**EXERCISE REQUIREMENTS:** Every line of the listing is returned unchanged, and every picture is dropped.

(Beginning of STUDY MATERIAL)

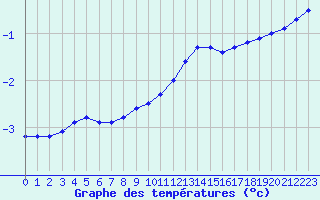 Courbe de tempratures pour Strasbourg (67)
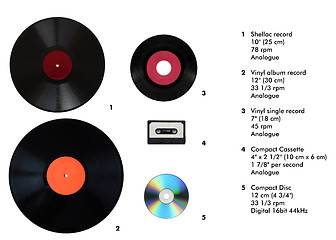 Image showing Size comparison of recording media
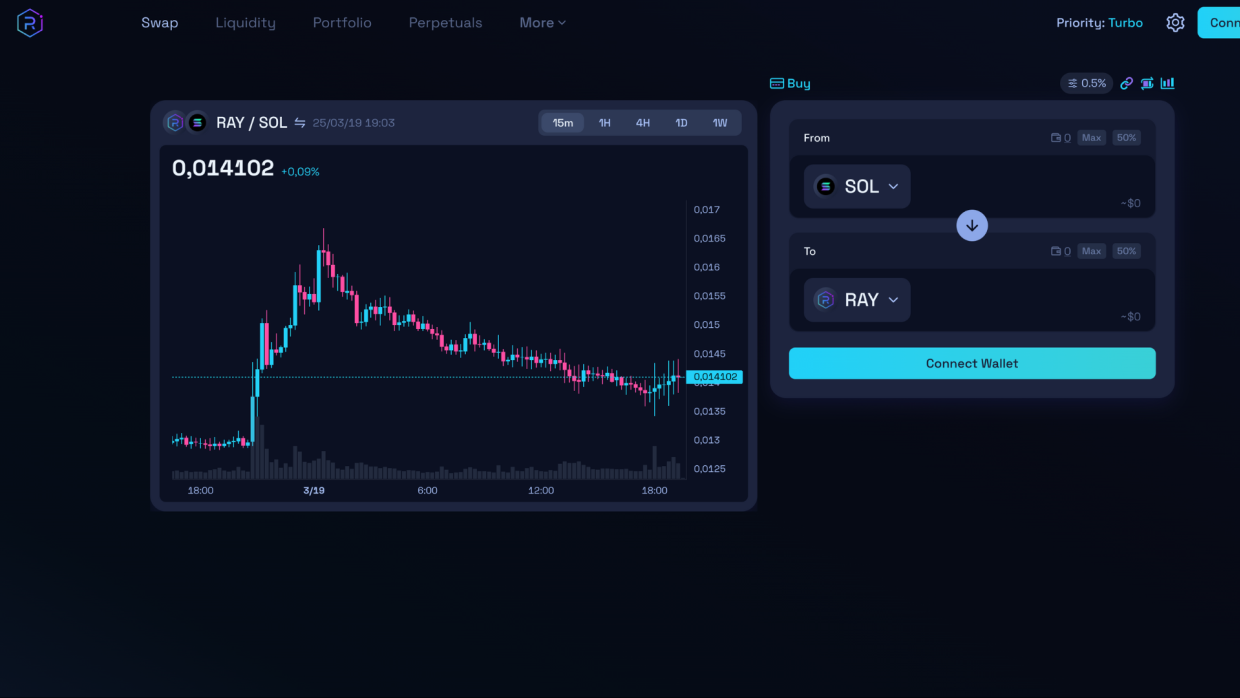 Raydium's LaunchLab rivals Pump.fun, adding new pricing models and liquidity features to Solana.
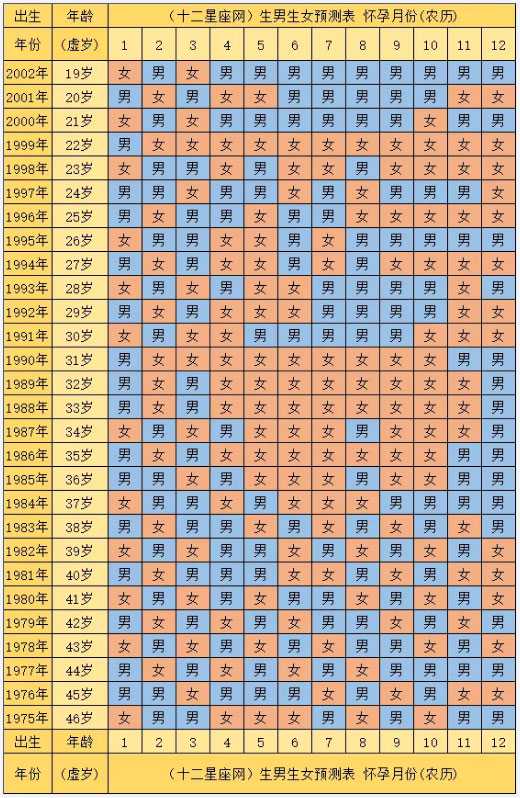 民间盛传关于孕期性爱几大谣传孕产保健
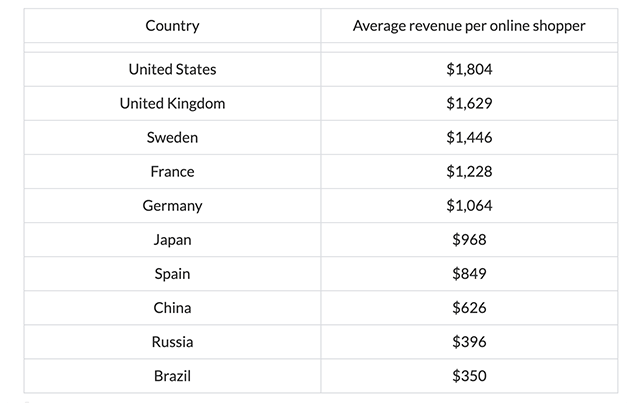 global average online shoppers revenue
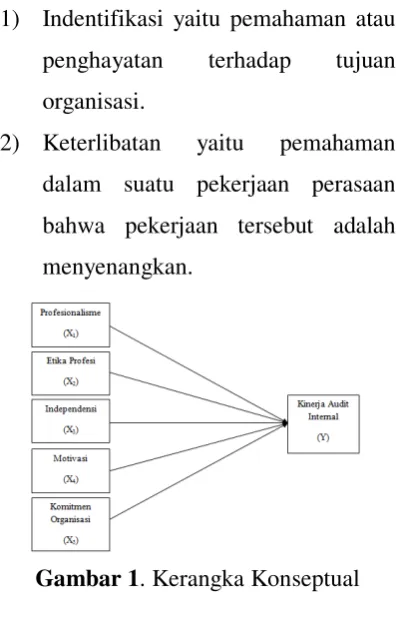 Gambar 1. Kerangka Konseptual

(End of STUDY MATERIAL)

**RESPONSE TO THIS EXERCISE:**
 Courbe de tempratures pour Strasbourg (67)
 Image showing Size comparison of recording media
 Raydium's LaunchLab rivals Pump.fun, adding new pricing models and liquidity features to Solana.
 民间盛传关于孕期性爱几大谣传孕产保健
 global average online shoppers revenue
 Gambar 1. Kerangka Konseptual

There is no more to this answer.